No age limit for physical activity
There is no age limit when it comes to physical activity. Just because a person ages does not mean he or she must become inactive.
The older a person gets, the more important it is to remain as physically active as possible, said Jan Johnston, Oklahoma State University Cooperative Extension gerontology specialist.
"Individuals who have been physically active throughout their lives should remain active," Johnston said. "Even those who did not exercise on a regular basis can still improve their overall physical fitness. Most seniors, even those with illnesses or disabilities, can take part in a moderate exercise program."
It is important for everyone to keep in mind that regular physical activity will help a person live a life that is full of energy and excitement.
Johnston recommends anyone starting an exercise routine to first check with his or her doctor.
"Unless your doctor advises against it, regular exercise may be even more helpful for some health problems," she said. "If a person was active in their younger years, it's easier to maintain one's physical and mental status."
Regular physical activity can increase muscle tone, heart strength, flexibility, lung strength, efficiency of insulin and longevity.
Exercise tends to decrease heart rate, depression, risk of osteoporosis, social isolation, blood pressure, obesity, body fat, constipation and blood levels of triglycerides, total cholesterol and low-density lipoprotein cholesterol.
Many older people may wonder how to begin an exercise program once they have been given the OK by their physician.
Johnston said there are many types of exercises. One of the simplest forms is walking. This is an activity that is practical and almost anyone can enjoy. Another great benefit is that it is practically free. All a person needs is a good, sturdy pair of walking shoes and a pair of thick athletic socks.
"Many enclosed shopping centers welcome walkers in the mornings before the stores open," she said. "This provides you with a safe environment in which to walk."
Sports clubs, gyms and fitness centers offer other forms of exercise. They may even offer special times or classes geared toward older individuals. Keep in mind there is some sort of fee attached to these venues.

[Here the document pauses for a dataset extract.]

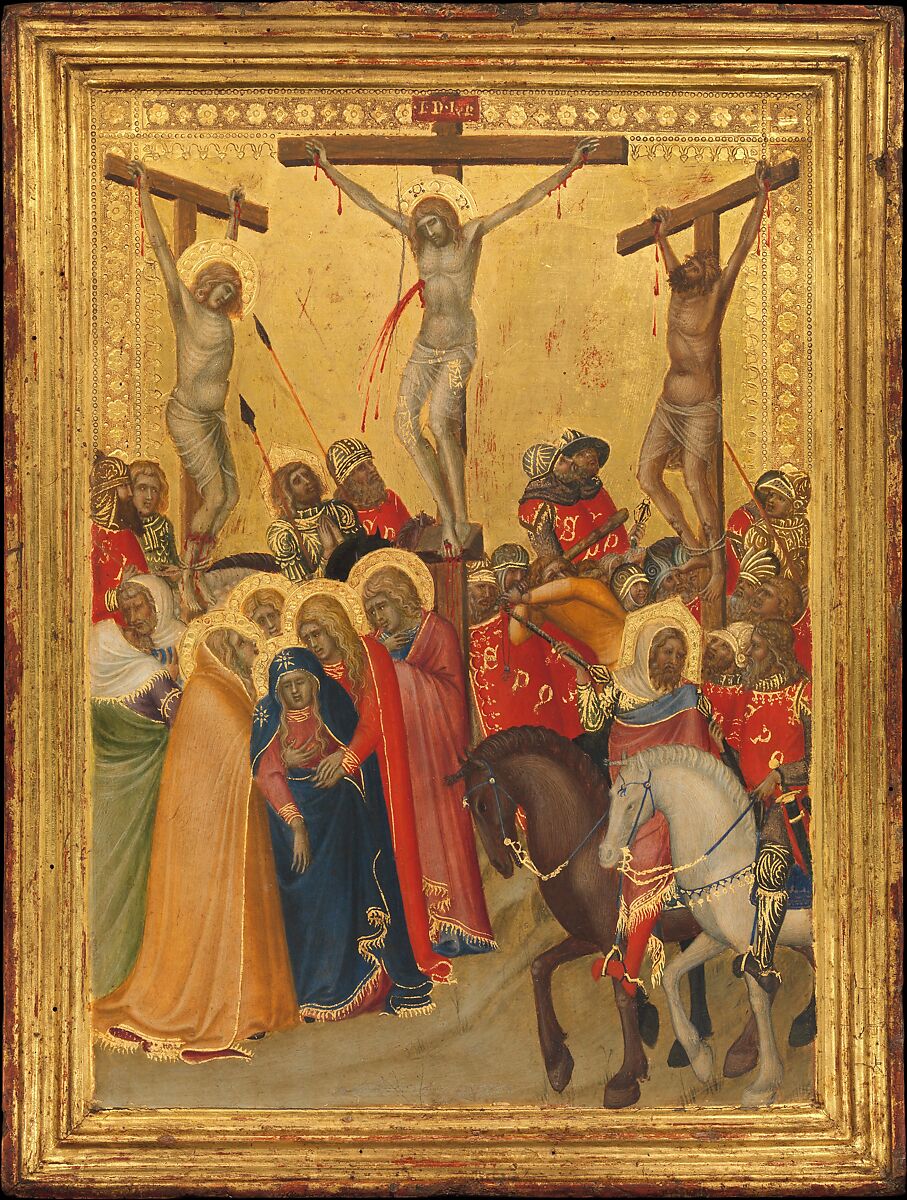 The Crucifixion, Pietro Lorenzetti (Italian, active Siena 1320–44), Tempera and gold leaf on wood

"When it comes to exercise, you have to be your own judge. Choose those exercises which you can handle without overexerting or straining yourself," Johnston said. "Select activities you enjoy so you're more likely to stick to an exercise program."
Individuals who may have physical limitations can still participate in various activities. Try sitting in a chair and lifting one-pound hand weights. If you do not have hand weights, lift 16-ounce cans of vegetables. Even a little bit of extra weight can add resistance and help build muscle tone.
Keep in mind that exercise does not have to mean only jogging or aerobics. Golf and bowling are great forms of physical activity.
"These types of activities are not only beneficial from a health standpoint, but they also increase your social life as well," she said. "A balance of activity that increases your heart rate, coupled with social physical activities, can lead to a program most older citizens can stick to for a healthy lifestyle."